Why does Christian prayer, in the name of Jesus Christ and with the power of the Holy Spirit, break those strangleholds? I can tell you now that Christianity hasn’t become the fastest-growing religion in the world this decade because a whole bunch of liberal Unitarian ministers have convinced Africans and Asians that going to church is a good thing and George Bush is a bad person. No. Hundreds of thousands of Africans and Asians are converting to Christianity every week because they’re seeing supernatural miracles performed in front of their very eyes, just like Christ did in the New Testament. Exorcisms are not rare, they’re routine. And let’s face it, if your religious baggage includes worshiping half man/half beast gods, chances are you’re going to need deliverance.

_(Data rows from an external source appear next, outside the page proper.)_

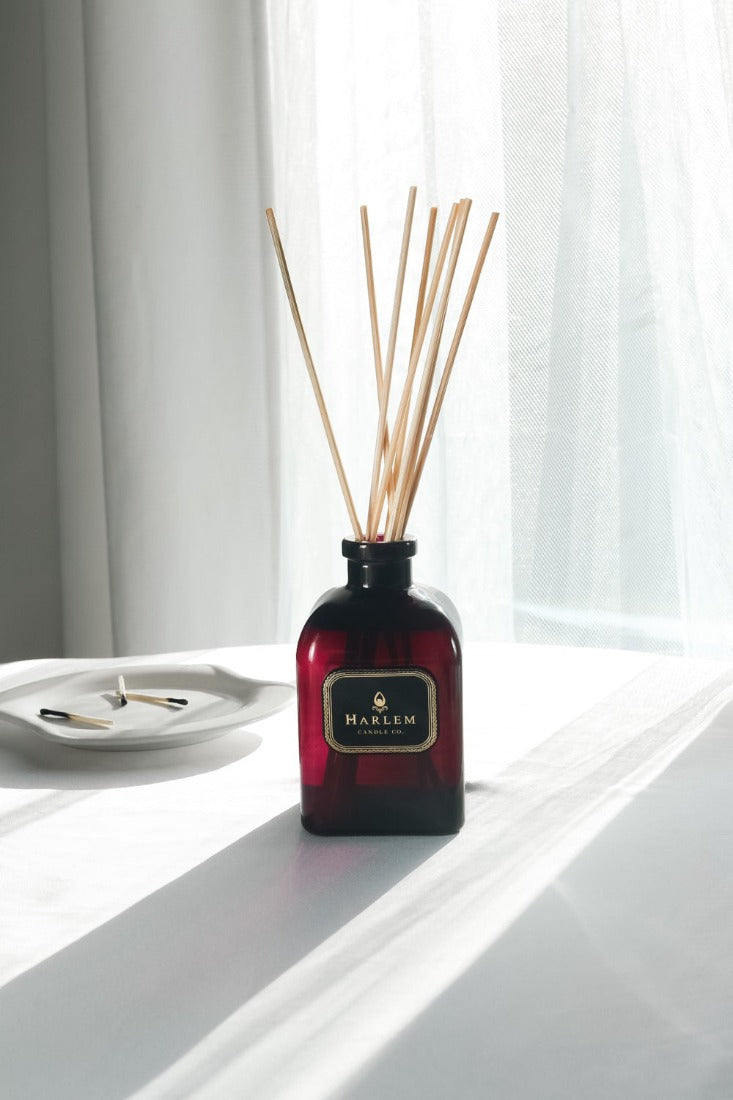 Our 8 fluid oz. Speakeasy Reed Diffuser with reeds, in a purple glass vessel sitting on a white table.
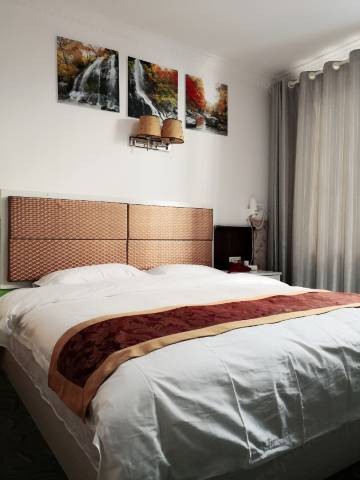 住哲酒店(遵义茅草铺店)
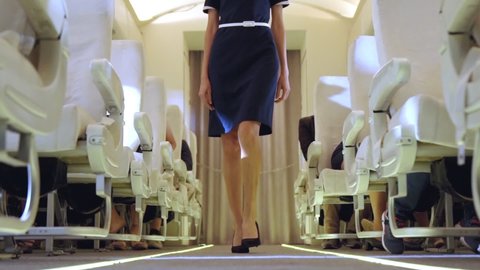 Cabin crew walking in airplane during a night flight . Airline transportation and tourism concept.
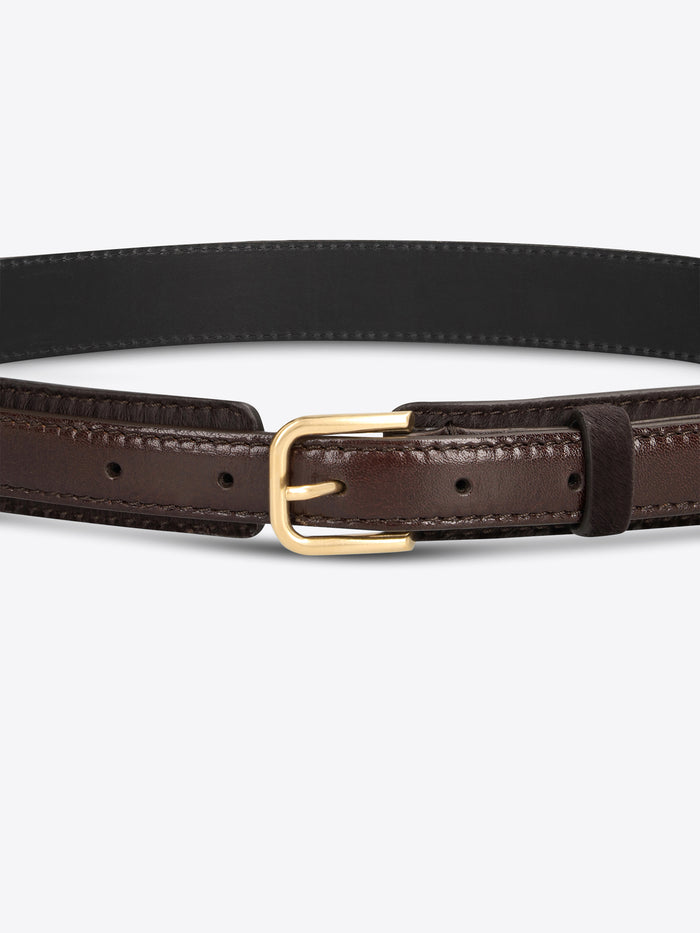 Close-up of a dark brown textured belt with smooth leather trim and a gold-toned buckle on a light gray background.

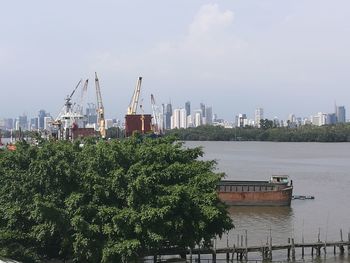 Scenic view of city against sky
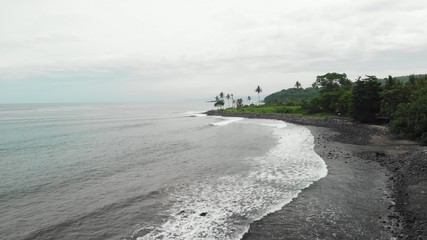 Aerial view of tropical virgin beach with black sand. Bali island, Indonesia.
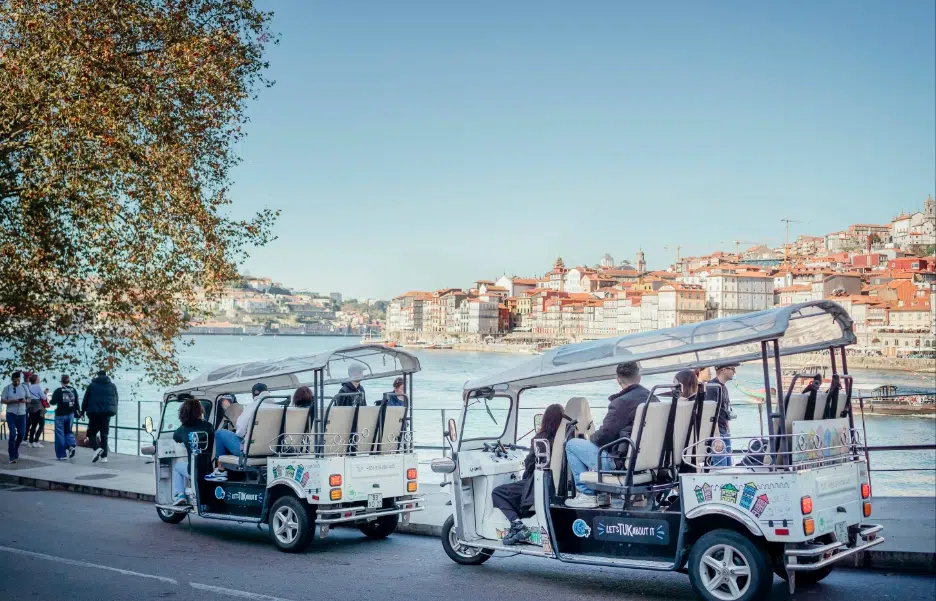Tuk Tuks driving along the Douro riverside in Porto, Portugal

In the West, our demons are not so much things that go bump in the night as things that make us hurt others, or harm ourselves. We have a growing disbelief in the supernatural, and with it a disbelief in Jesus Christ. And if you were Satan and your job description was to keep people away from Christianity, you’d look at Western culture and say you’d done a pretty good job. You don’t actually need a Carnivorous Skippy bounding down Pitt St in search of a soul-tie. In fact, such a supernatural occurrence might actually be counterproductive in the West.
Even so, truth is, in Sydney or Auckland, far more deliverance and even exorcisms are performed than either the Herald or the Catholic Church is aware of. Mothers whose daughters cut themselves because “the blood releases my pain” have found psychiatrists a waste of time. Christian prayer, on the other hand, coupled with a conversion to Christianity, often works where the best of western medicine and psych study draws a blank. There are diseases of the body that need medicine, and there are afflictions of the spirit and the soul that ultimately only God can heal, not man.
None of which negates the fact that in Christianity you can still get quacks like the rogue Korean pastor who killed a young Auckland woman during an exorcism four years ago by throttling her, and a similar case in the US, where those concerned felt they needed to fatally beat the proverbial out of a child during ‘deliverance’. But those cases are so rare that’s precisely why they do make headlines. You don’t see Jesus in the Bible strapping on a Ghostbuster-style vacuum cleaner, using a gun with a silver bullet or slinging some garlic around his neck, much less going 15 rounds with a possessed man. He simply ordered the spirit to leave its victim, by the authority of his name.
If you feel you need deliverance, or you’d just like someone to pray for you, ask at your local church and experience it first hand. Your head won’t swivel, you probably won’t hit the ceiling, but you might feel a weight lift off your shoulders.